BEGIN
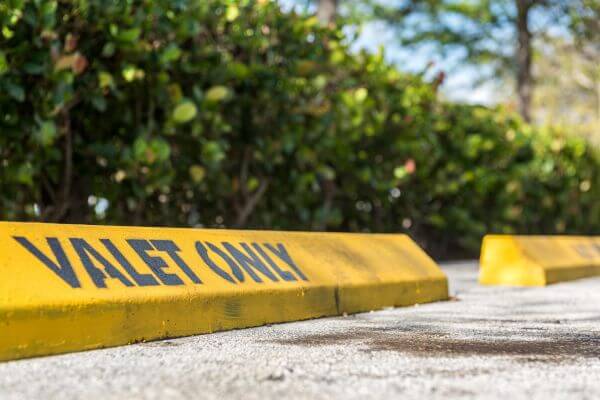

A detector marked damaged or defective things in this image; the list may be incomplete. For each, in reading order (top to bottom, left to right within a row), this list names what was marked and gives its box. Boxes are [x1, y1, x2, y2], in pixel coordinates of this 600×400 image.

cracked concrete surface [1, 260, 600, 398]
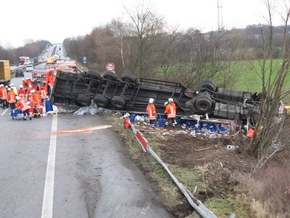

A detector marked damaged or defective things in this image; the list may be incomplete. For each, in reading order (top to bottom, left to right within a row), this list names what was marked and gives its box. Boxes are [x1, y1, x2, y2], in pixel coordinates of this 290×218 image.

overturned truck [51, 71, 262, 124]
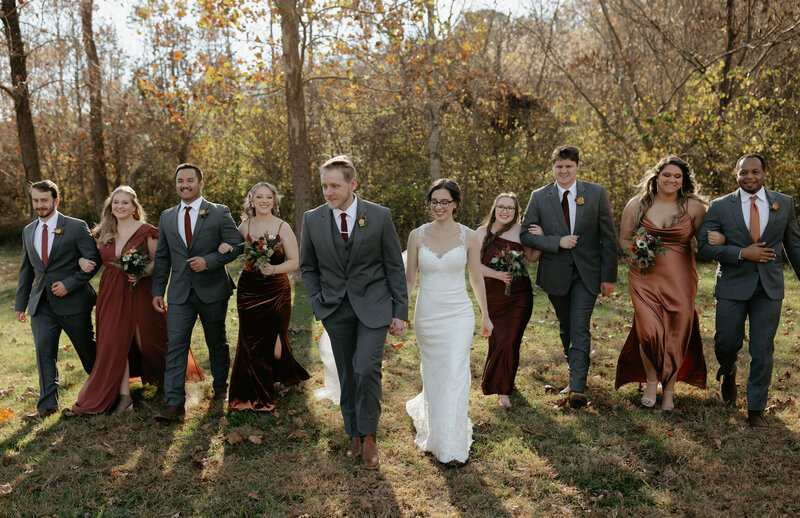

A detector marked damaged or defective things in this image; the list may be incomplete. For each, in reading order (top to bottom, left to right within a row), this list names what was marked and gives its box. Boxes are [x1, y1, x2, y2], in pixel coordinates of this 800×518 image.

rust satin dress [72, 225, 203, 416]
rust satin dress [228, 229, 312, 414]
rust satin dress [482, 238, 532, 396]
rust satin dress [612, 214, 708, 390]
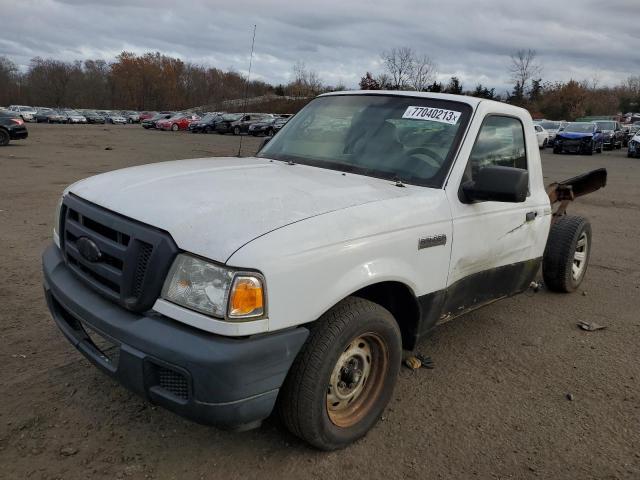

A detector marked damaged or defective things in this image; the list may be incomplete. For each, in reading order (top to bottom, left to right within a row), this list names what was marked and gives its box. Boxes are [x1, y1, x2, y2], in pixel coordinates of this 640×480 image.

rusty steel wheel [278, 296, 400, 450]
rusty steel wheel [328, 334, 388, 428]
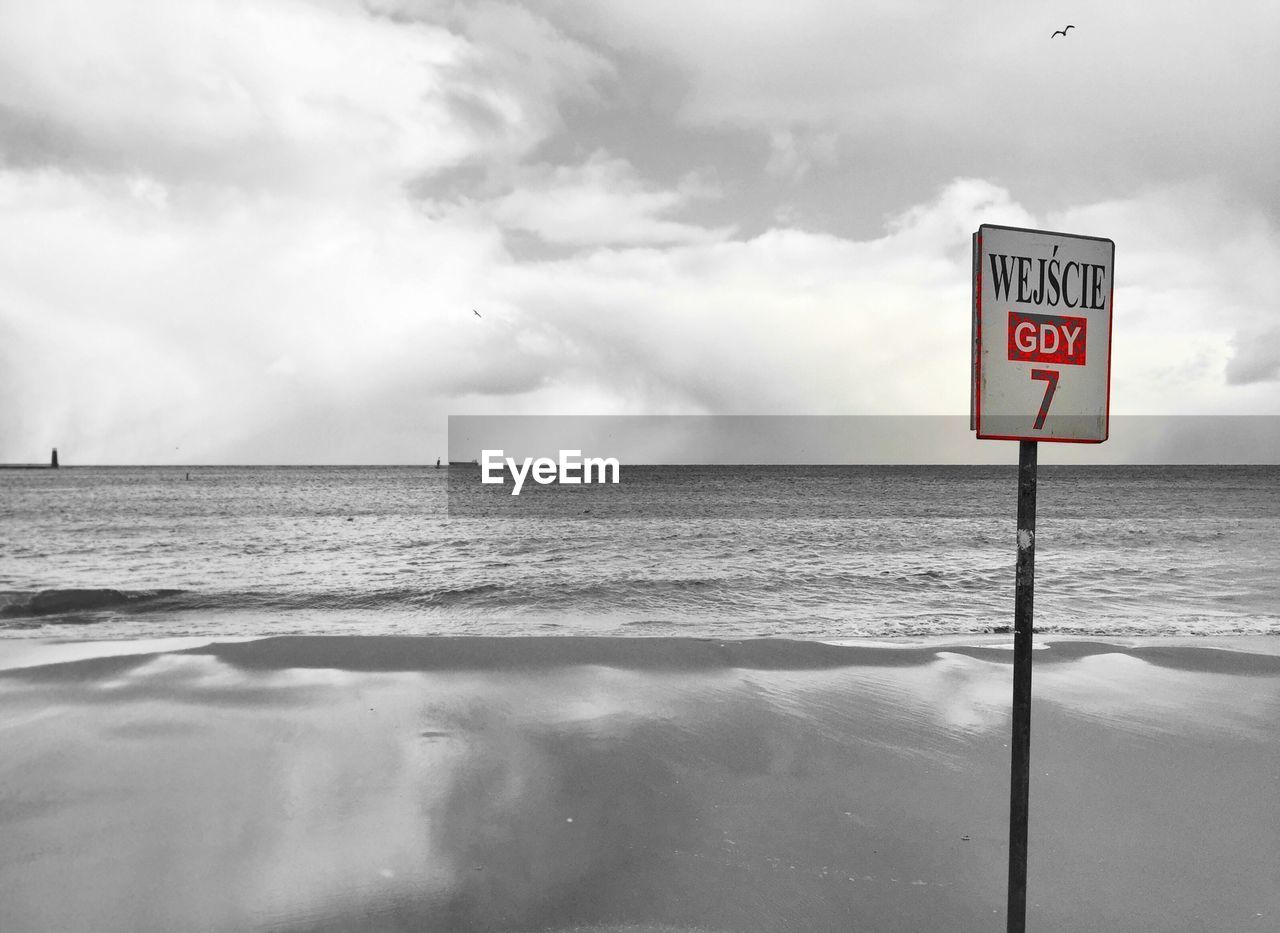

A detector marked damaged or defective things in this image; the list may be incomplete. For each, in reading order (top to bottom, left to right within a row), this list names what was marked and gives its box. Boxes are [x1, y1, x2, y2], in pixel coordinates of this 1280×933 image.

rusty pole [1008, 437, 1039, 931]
END
BEGIN
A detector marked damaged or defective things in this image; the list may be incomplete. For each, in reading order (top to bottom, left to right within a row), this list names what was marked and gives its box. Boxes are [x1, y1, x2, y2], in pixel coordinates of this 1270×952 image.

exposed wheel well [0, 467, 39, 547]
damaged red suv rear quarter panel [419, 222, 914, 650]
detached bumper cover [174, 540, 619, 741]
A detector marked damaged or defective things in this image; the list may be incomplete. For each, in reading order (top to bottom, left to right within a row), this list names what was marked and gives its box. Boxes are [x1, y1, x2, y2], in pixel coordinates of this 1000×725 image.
END
▸ Task brief: Beginning with the line above that contains "this 1270×952 image.", copy each line exactly up to and including the line that contains "this 1000×725 image.", and go no further.

▸ Task output:
A detector marked damaged or defective things in this image; the list may be incomplete. For each, in reading order (top to bottom, left to right within a row), this list names what was marked and gives its box. Boxes are [x1, y1, x2, y2], in pixel coordinates of this 1270×952 image.

exposed wheel well [0, 467, 39, 547]
damaged red suv rear quarter panel [419, 222, 914, 650]
detached bumper cover [174, 540, 619, 741]
A detector marked damaged or defective things in this image; the list may be incomplete. For each, in reading order (top to bottom, left to right within a row), this list names what was marked and gives its box. Boxes are [x1, y1, x2, y2], in pixel coordinates of this 1000×725 image.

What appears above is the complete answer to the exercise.